Este avance hacia un mundo más transparente, donde lo cierto es fácilmente accesible y la mentira se vuelve obscena, no transmite la sensación de ser una época más recatada sino más grosera
Por eso nuestras audiencias hoy, que el periodismo ha dado pasos de gigante en calidad y compromiso con el oficio, son más exigentes y críticas. Y más protestonas, pretenciosas y airadas. La ironía es que esa exigencia también infantiliza a las sociedades, pues las convierte en un repertorio de quejas, lo mismo que el ensanchamiento de la dignidad siembra la tentación del veneno del victimismo. Tener un mejor periodismo, como tener un mundo más digno, no nos hace sociedades más contentas sino todo lo contrario.

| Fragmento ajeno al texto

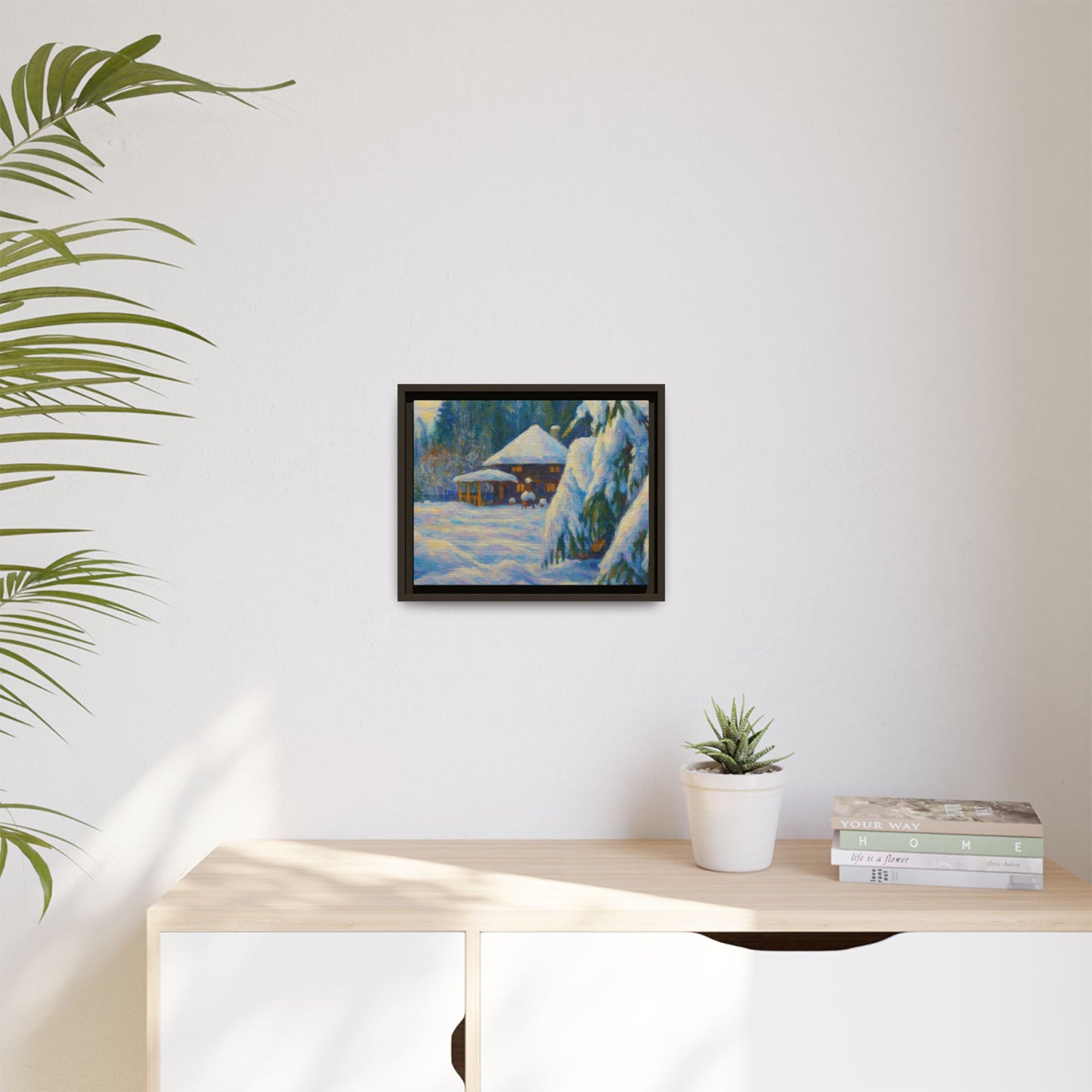 Framed matte canvas print of a snowy cabin winter landscape wall art by Printify, showcasing a cozy winter scene with snow-covered trees.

Y de ese vicio social tampoco escapa el oficio periodístico, también protestón, ofendidito y exigente, con inclinación al berrinche del niño ante el escaparate de la pastelería. La encuesta del CIS sobre el apagón ilustra de forma gráfica que a las sociedades del presente les hizo la boca un fraile. Un detalle asombroso es que quienes no disponían de un transistor ni de ningún otro medio para recibir información actualizada o avisos sobre la evolución del corte de suministros –es decir, la mayoría del país– aseguran que el Gobierno informó poco y tarde, aunque por razones obvias no tienen ni la más remota idea de si fue así o todo lo contrario, pues no disponían de mecanismo alguno para acceder a esa información. Y obvia otra cuestión: ¿informar de qué? Porque para transmitir alguna información es aconsejable disponer de ella.
Ese infantilismo quejica aplica también a este malhadado oficio. A las 24 horas ya había firmas de prestigio expresándose en términos de ultraje por no disponer de una respuesta concreta a la causa aristotélica del incidente, cuando no, exigiendo conocer al “culpable”, pues no dejamos de ser una sociedad judeocristiana inclinada al auto de fe con fuego y admoniciones.
Para que el periodismo contribuya a la madurez de las sociedades, como vemos, no basta con acelerar y tecnificar la solvencia de las informaciones, también hay que inducir paciencia y sosiego practicándolos. Los informes sobre los accidentes de aviación a menudo tardan años en cerrarse aun cuando ningún avión conocido puede compararse en sofisticación técnica y de funcionamiento con el sistema de generación y distribución de energía eléctrica de un país de cincuenta millones de habitantes. El salto entre uno y otro es como el que hay entre un reloj de sol y un reloj de pulsera suizo. Y nosotros no somos el maestro operando con diminutas herramientas, la lupa negra en el ojo, a la luz de una lámpara, sino la esfera del reloj, el rubicundo rostro de Din Don, una sonrisa beatífica bajo un bigote de manecillas, que tiene que vérselas con una bella y una bestia que habitan este tenebroso castillo suspendido en la nada sin que nadie salga herido, tarareando “la belleza está en el interior”.